ACTION ITEM: Take the lines from the head of the listing through the one bearing "Bottle Green Sona" and copy them exactly, leaving every picture out.

--- DATA FOR THIS EXERCISE ---

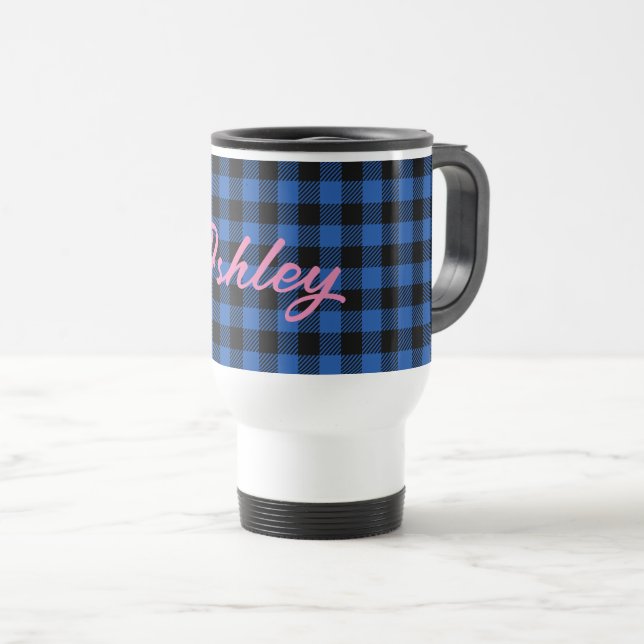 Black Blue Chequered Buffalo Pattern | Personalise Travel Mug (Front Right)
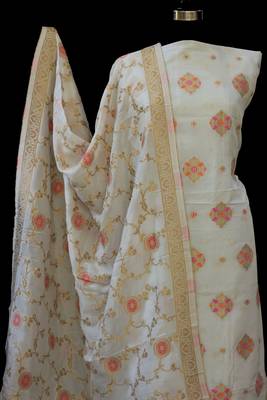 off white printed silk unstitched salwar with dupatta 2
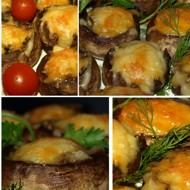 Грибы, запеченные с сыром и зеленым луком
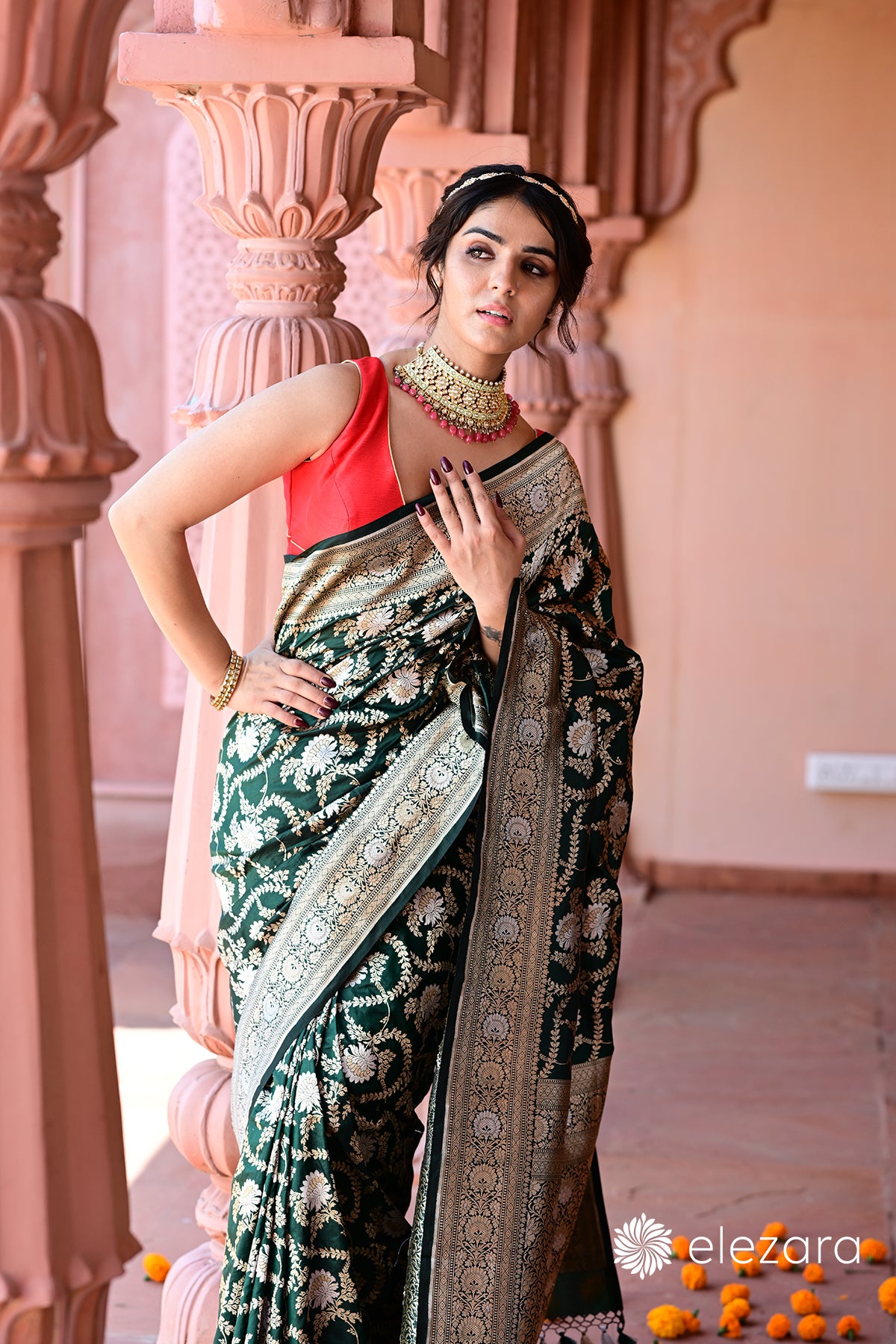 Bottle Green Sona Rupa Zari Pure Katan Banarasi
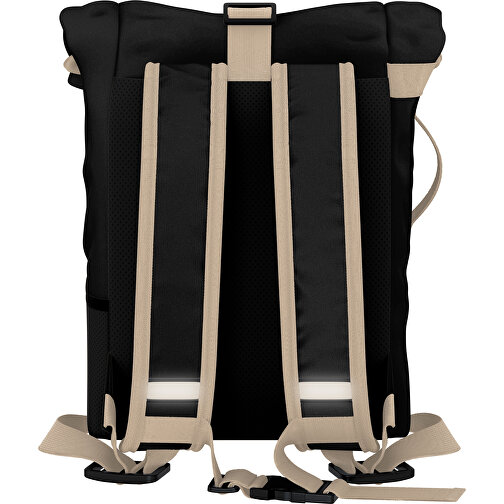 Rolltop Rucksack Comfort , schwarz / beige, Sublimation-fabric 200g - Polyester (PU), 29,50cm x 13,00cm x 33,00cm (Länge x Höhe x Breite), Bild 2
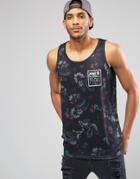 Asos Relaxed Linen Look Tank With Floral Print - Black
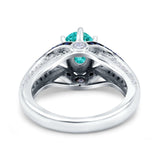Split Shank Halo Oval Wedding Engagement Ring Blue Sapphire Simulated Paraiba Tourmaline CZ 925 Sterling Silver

---

ANSWER TO THE EXERCISE:
 Black Blue Chequered Buffalo Pattern | Personalise Travel Mug (Front Right)
 off white printed silk unstitched salwar with dupatta 2
 Грибы, запеченные с сыром и зеленым луком
 Bottle Green Sona Rupa Zari Pure Katan Banarasi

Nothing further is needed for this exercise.